Hello everyone and welcome to the latest installment of Music Monthly brought to you by Plebings! What a great few months it has been! Lots of music to review. Yes, I’ve reviewed a massive 25 albums, and we’ll be pumping out issues of Music Monthly every week during August. Let’s hope August isn’t as much of an assault on the ears as the past few months have been.
So, here we go, continue reading to read the reviews featuring albums A-C that were released during the past three months.
ANOHNI / HOPELESSNESS (Alt-pop)
Rating – 7
Highlights: Marrow, Crisis
HOPELESSNESS is unsettling; it blends the sounds of cold electronics and the majestic vocals of ANOHNI to form some strange beast (for nerds, think of Mother 3’s nature/robotic abominations). She knows it’s unnatural, but the sound perfectly matches the eco-warrior themes throughout. The lyrics couldn’t be any more direct focusing on drone bombs, global warming, Obama and so much more. You’ll be left either rolling your eyes or feeling, well, hopeless.
Ariana Grande / Dangerous Woman (Pop)
Rating – 7
Highlights: Everyday, Knew Better / Forever Boy
I never understood the adoration for My Everything, it was a mixed bag, dragged down by MOR tosh and out of place up-tempos. Enter Dangerous Woman; which manages to fix the problems of the former while creating its own new issues. Boring ballads are out, boring mid-tempos are in. Screechy tracks like Problem/Break Free are gone, and in their stead we have the hypnotising pulse of tracks like Into You and Touch It (both playing out like Love Me Harder on steroids). Just please make sure to buy the deluxe edition, or I’d be knocking a couple of points off.
Blood Orange / Freetown Sound (R&B)
Rating – 8
Highlights: Best to You, Hadron Collider
It’s difficult to state that Freetown Sound is a political charged album. Whilst it covers bases like feminism, police violence and racial politics, the soft R&B sound throughout soften its impact. In the end Dev sounds exhausted, and who can blame him? Still, Freetown Sound is effective in its more subtle approach; maybe love will win in the end. Shout out to the excellent feature picks too, including Nelly Furtado, Debbie Harry (of Blondie), Carly Rae Jepsen and Empress Of.

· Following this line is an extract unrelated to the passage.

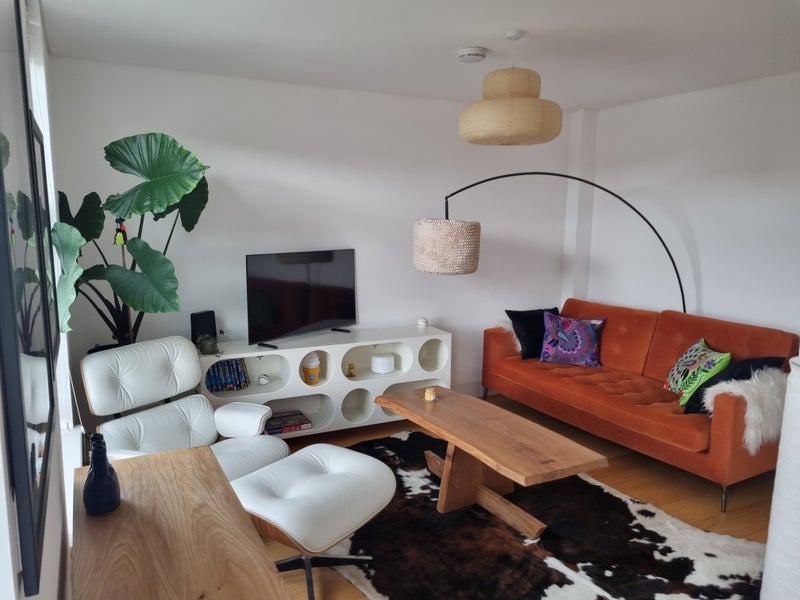 Flat Underhill Road in Greater London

Bright Light Bright Light / Choreography (Pop)
Rating – 4
Highlights: Where Is The Heartbreak
Choreography has to be nominated for the gayest album ever, right? Not released by the Drag Race alumni of course. From its title to the cover, and even the features – half the album’s songs feature a guest appearance from either a member of Scissor Sisters or Elton bloody John. Sadly for the most part I’m left yearning for a song to land a punch. Rod Thomas isn’t the most charismatic singer, a forgivable trait if the instrumentals weren’t so limp. I count three tracks I really enjoyed, but the rest blend together in a boring rainbow of beige. There’s nothing to hate on Choreography, but it might give the album some character if there was.
Chance The Rapper – Coloring Book (Rap)
Rating – 6
Highlights: All Night, No Problem
I should like Coloring Book more than I do. It’s use of gospel and generally colourful instrumentation are things I’ve praised Kanye and Macklemore’s latest for. Thankfully, Coloring Book doesn’t suffer the same bloated body that dragged Pablo and Views down, but it doesn’t switch things up either. The tracks never properly blow me away either, only the groove of All Night and blinding sunshine of No Problem grab my attention for the most part. Still, it’s a cohesive album to a fault and recommended for anyone who thinks of rap as only thug beats and negative thoughts.
Christine and the Queens / Chaleur Humaine (Pop)
Rating – 7
Highlights: Narcissus is Back, Tilted
Christine is cool. She hangs out with drag queens, comes from France and just makes cool music. Seeing her blow up in the UK has been incredible, and restores faith in me that the UK can actually take to a talented left-field pop star. Chaleur Humaine takes a minimal approach similar to Lorde’s Pure Heroine, but each track has a baroque twist, be it plucking of strings or a gentle piano. It gives a warm layer to what could be a cold album, and combined with Christine’s soft vocals leave a good impression.
Classixx – Faraway Reach (Dance)
Rating – 6
Highlights: Safe Inside, Just Let Go
A blogger’s wet dream. Faraway Reach is a dance album, with features from indie darlings such as Passion Pit, How To Dress Well and Holy Ghost! – It’s actually quite consistent too, unlike my view on the recent Flume album. Sadly its consistency is its undoing, it never quite goes the extra mile, and so you probably won’t hear any of these taking over the dance floor.